→ **Problem statement**: Send back the entries below exactly as they appear.

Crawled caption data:
================================

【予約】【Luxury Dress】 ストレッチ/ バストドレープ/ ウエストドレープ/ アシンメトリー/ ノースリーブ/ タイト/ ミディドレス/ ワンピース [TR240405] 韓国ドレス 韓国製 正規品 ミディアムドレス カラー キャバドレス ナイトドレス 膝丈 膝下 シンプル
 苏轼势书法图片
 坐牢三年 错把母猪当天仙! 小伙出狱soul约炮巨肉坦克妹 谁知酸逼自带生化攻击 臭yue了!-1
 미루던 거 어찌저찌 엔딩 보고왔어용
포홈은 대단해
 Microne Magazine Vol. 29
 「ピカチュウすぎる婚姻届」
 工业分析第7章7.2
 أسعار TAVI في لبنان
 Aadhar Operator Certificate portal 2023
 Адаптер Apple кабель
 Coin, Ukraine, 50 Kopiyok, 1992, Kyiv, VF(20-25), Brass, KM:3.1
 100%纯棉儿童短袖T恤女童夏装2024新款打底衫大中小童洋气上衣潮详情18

================================

→ **Answer area**:
【予約】【Luxury Dress】 ストレッチ/ バストドレープ/ ウエストドレープ/ アシンメトリー/ ノースリーブ/ タイト/ ミディドレス/ ワンピース [TR240405] 韓国ドレス 韓国製 正規品 ミディアムドレス カラー キャバドレス ナイトドレス 膝丈 膝下 シンプル
 苏轼势书法图片
 坐牢三年 错把母猪当天仙! 小伙出狱soul约炮巨肉坦克妹 谁知酸逼自带生化攻击 臭yue了!-1
 미루던 거 어찌저찌 엔딩 보고왔어용
포홈은 대단해
 Microne Magazine Vol. 29
 「ピカチュウすぎる婚姻届」
 工业分析第7章7.2
 أسعار TAVI في لبنان
 Aadhar Operator Certificate portal 2023
 Адаптер Apple кабель
 Coin, Ukraine, 50 Kopiyok, 1992, Kyiv, VF(20-25), Brass, KM:3.1
 100%纯棉儿童短袖T恤女童夏装2024新款打底衫大中小童洋气上衣潮详情18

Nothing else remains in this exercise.